Au commencement du mois de Juillet, M. Hales prit un soleil (Corona solis) de la grande espèce, qu’il avait élevé à dessein dans un vase de terre : cette plante avait alors trois pieds de hauteur (Voyez Fig. 112)

Fig. 112

Pour prévenir l’évaporation de l’humidité de la terre contenue dans le vase, il appliqua au bord du vase une platine de plomb laminé qu’il eut soin de bien mastiquer : elle couvrait toute l’ouverture, & embrassait exactement la tige du soleil, en sorte que l’humidité de la terre ne pouvait s’échapper ; il avait, outre cela, soudé à cette platine deux tuyaux ; dont l’un, fort étroit & de neuf pouces de longueur, se trouvait placé tout près de la tige ; ce tuyau qui était destiné à conserver une communication de l’air extérieur avec celui qui était contenu dans le vase, restait ouvert.

L’autre tuyau qui avait deux pouces de longueur sur un pouce de diamètre, servait à introduire les arrosements ; & l’on avait soin de le tenir exactement fermé quand on n’arrosait pas ; enfin les trous du fond du vase avaient été fermés avec précaution. Le pot & la plante étaient pesés soir & matin, pendant quinze jours consécutifs du mois de Juillet, pour connaître combien il pouvait s’échapper d’humidité par la transpiration. Mais comme le vase était d’une terre poreuse & perméable aux vapeurs, il était à propos de connaître combien il s’échappait d’humidité par les pores, afin de soustraire cette évaporation étrangère, de l’évaporation qui se faisait par la plante.

C’est dans cette vue, qu’après les quinze jours d’expérience, M. Hales coupa la tige de ce Soleil au raz de la platine de plomb, & qu’il ferma avec du mastic l’ouverture par où passait cette tige. Alors continuant de peser le vase, il reconnut que la transpiration étrangère à la plante était, en douze heures de jour, de deux onces, qu’il fallait soustraire de l’évaporation qui avait été observée pendant les quinze jours que le pot et la plante avaient été pesés.

Cette rectification étant faite, il résulta de l’expérience que la plus grande transpiration, pendant douze heures d’un jour fort sec & chaud, était d’une livre quatorze onces ; & que la transpiration moyenne était d’une livre quatre onces, ou 34 pouces cubiques, si l’on convient qu’un pouce cube d’eau pèse 254 grains.

Quand les nuits étaient chaudes, sèches & sans rosée, l’évaporation allait jusqu’à trois onces ; mais on ne remarquait point d’évaporation lorsqu’il y avait eu de la rosée ; au contraire, s’il y avait une rosée abondante, ou s’il tombait un peu de pluie pendant la nuit, le poids du pot & de la plante augmentait de deux à trois onces.
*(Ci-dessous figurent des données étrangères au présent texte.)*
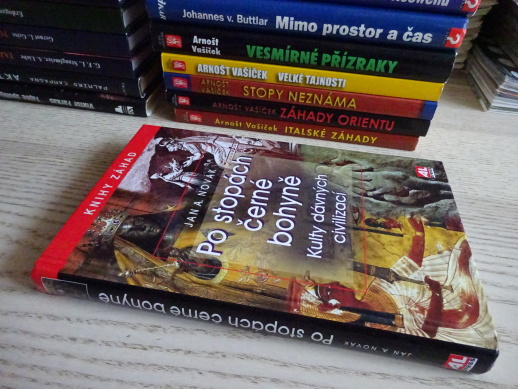 PO STOPÁCH ČERNÉ BOHYNĚ, JAN A. NOVÁK, KNIHY ZÁHAD, **an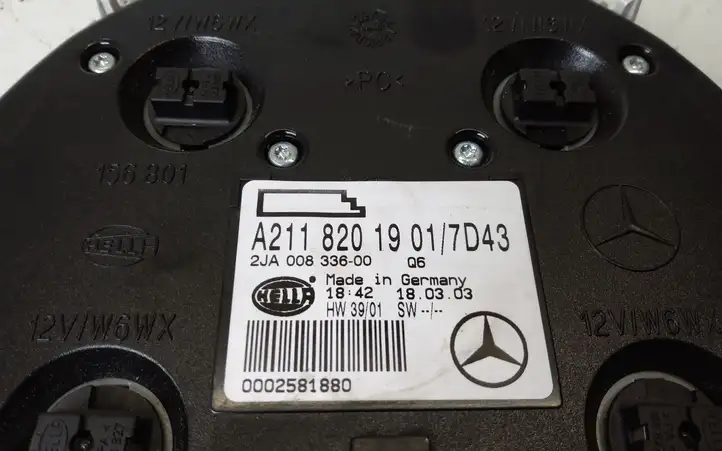Mercedes-Benz E W211 (2002 - 2009) A21182019017D43 Плафон салона — фото 4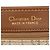 Borsa a tracolla Dior in tela rivestita beige honeycomb - vista 5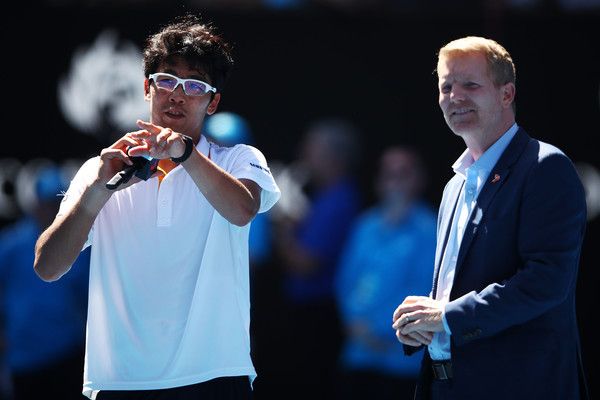 Hyeon Chung classe 1996
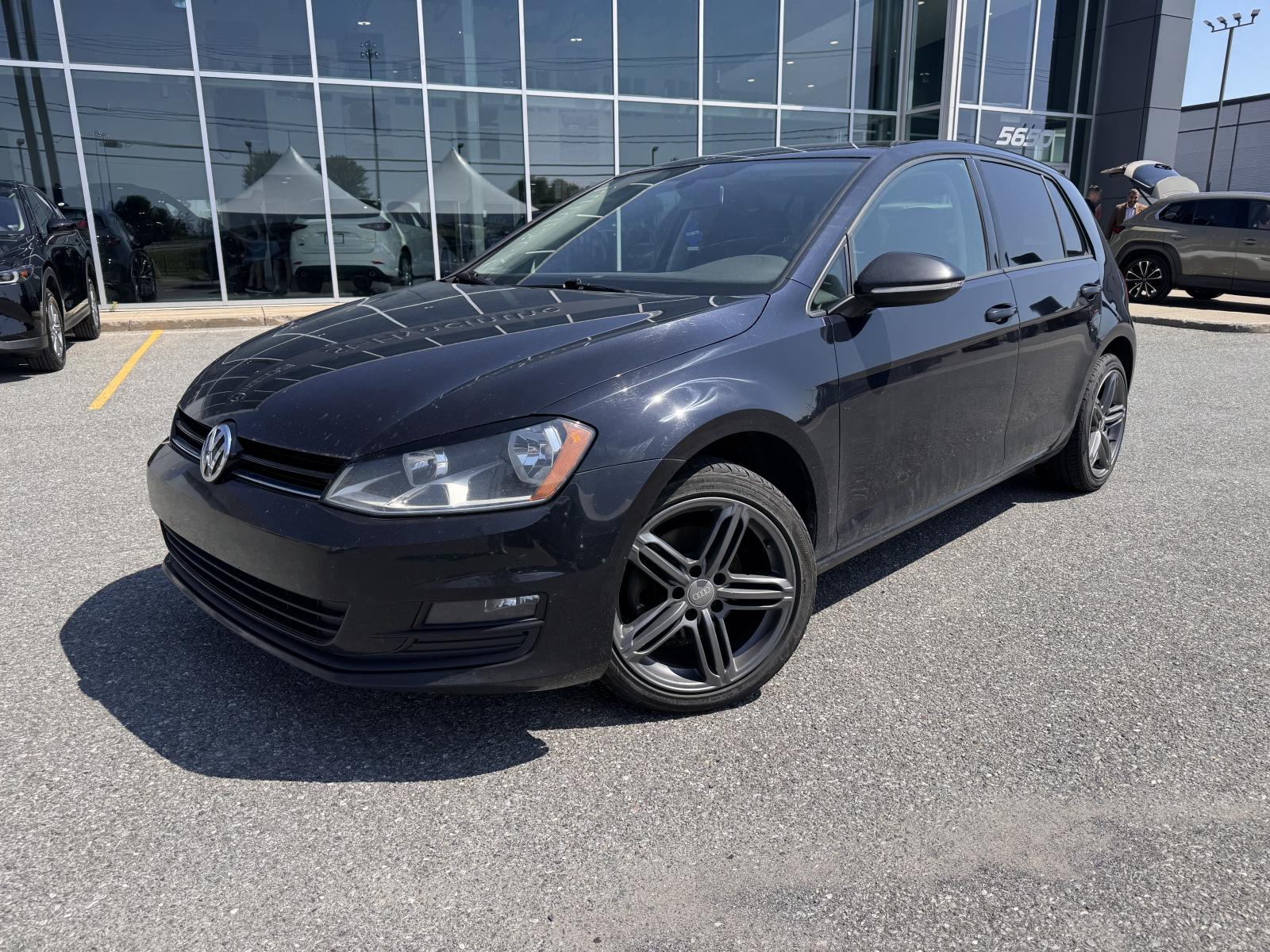 Volkswagen Golf Comfortline 2016
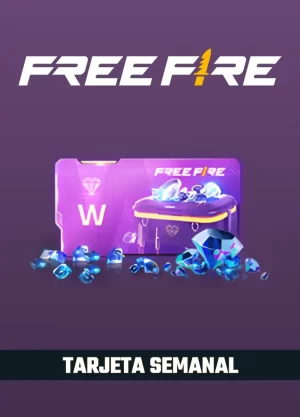 Free Fire – Tarjeta Semanal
Ceci a rapport à l’imbibition des plantes dont nous parlerons dans la suite.

Puisque les feuilles doivent être regardées comme le principal organe de la transpiration, il est probable qu’une plante transpirera plus qu’une autre de même espèce, dans les mêmes circonstances, toutes les fois que la surface de ses feuilles aura plus d’étendue ; c’est pour cela que M. Hales avait pris la précaution de mesurer la surface de toutes les feuilles du soleil de son expérience, en les plaçant successivement sous un réseau dont les mailles étaient d’une grandeur qui lui était connue : il trouva par ce moyen que la surface de toutes les feuilles & des tiges de ce soleil était égale à 5616 pouces carrés.

Une autre fois M. Hales arracha, avec précaution, un pied de Soleil, qui était à peu près de la même grosseur que celui de la précédente expérience.
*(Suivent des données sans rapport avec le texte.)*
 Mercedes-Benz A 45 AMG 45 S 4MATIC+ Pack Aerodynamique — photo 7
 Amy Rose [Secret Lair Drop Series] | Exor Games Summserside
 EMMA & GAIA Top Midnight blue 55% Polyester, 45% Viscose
Après avoir reconnu, par des méthodes d’approximation, que la surface des racines de cette plante était égale à 2286 pouces carrés, ce qui fait 3/8 de la surface des parties de la plante qui étaient hors de terre, il en conclut que la vitesse avec laquelle la sève entre par les racines pour réparer la transpiration, est à la vitesse par laquelle la transpiration s’échappe par les parties de la plante qui sont hors de terre, à peu près comme cinq est à deux. En effet, il est évident que la vitesse des sucs qui entrent dans les plantes par la surface des racines, comparée à la vitesse de la transpiration qui sort par la surface des feuilles, est en proportion réciproque des surfaces des racines & des feuilles ; la quantité des sucs aspirés devant être à peu près égale à la quantité des sucs qui s’échappent par la transpiration.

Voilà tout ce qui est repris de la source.